Music industry icon Alan Livingston, the man credited with signing the Beatles during his time as president of Capitol Records, passed away on March 13th due to age-related causes. He was 91. Livingston was at the helm during a tenure that saw Capitol also sign acts like the Beach Boys, Frank Sinatra, the Steve Miller Band and the Band. Livingston is also noted for creating the Bozo the Clown character.
According to Billboard.biz, it was Livingston who decided that the label should release the Beatles' "I Want to Hold Your Hand" as a single. The record company rejected earlier singles by the Fab Four, deeming them unsuitable for America. After releasing "I Want to Hold Your Hand" in 1963, Livingston brought the group over in 1964 and Beatlemania began. Livingston is also credited with reviving the career of Frank Sinatra after the Chairman of the Board saw his popularity lull in the early 1950s. Livingston recommended Sinatra work with composer Norman Riddle, resulting in songs like "I've Got the World on a String" and "Young-at-Heart."

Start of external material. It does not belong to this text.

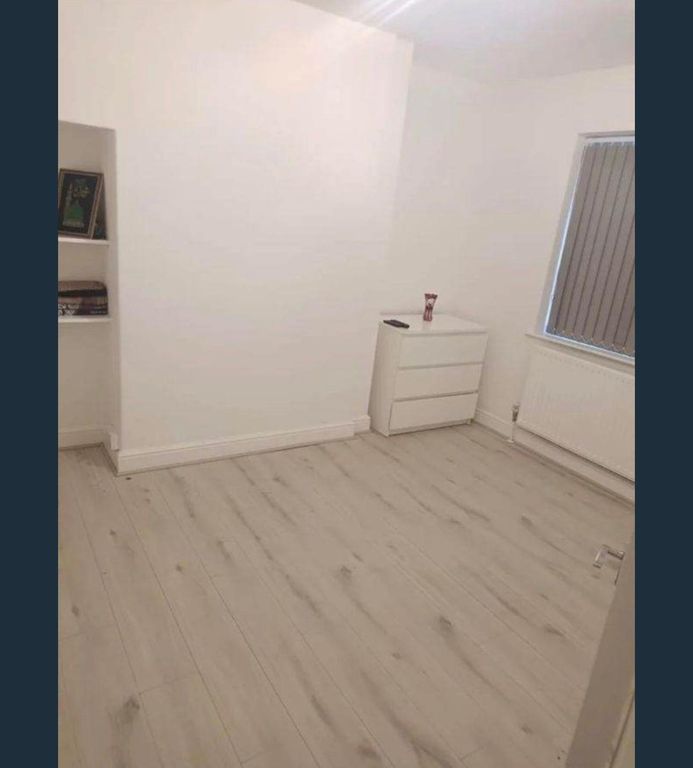 Property photo 1 of 3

Livingston is also responsible for inspiring the famed Capitol Records Tower in Los Angeles, LA Weekly reports, making that landmark the first circular office building ever constructed. Livingston received the Lifetime of Laughter Achievement Award from the Clown Hall of Fame in Milwaukee in 1998 for Bozo. Livingston is survived by his wife, actress Nancy Olsen, who was nominated for a Best Supporting Actress Oscar in 1950 for her role in Sunset Boulevard, one son, one daughter and a step-daughter.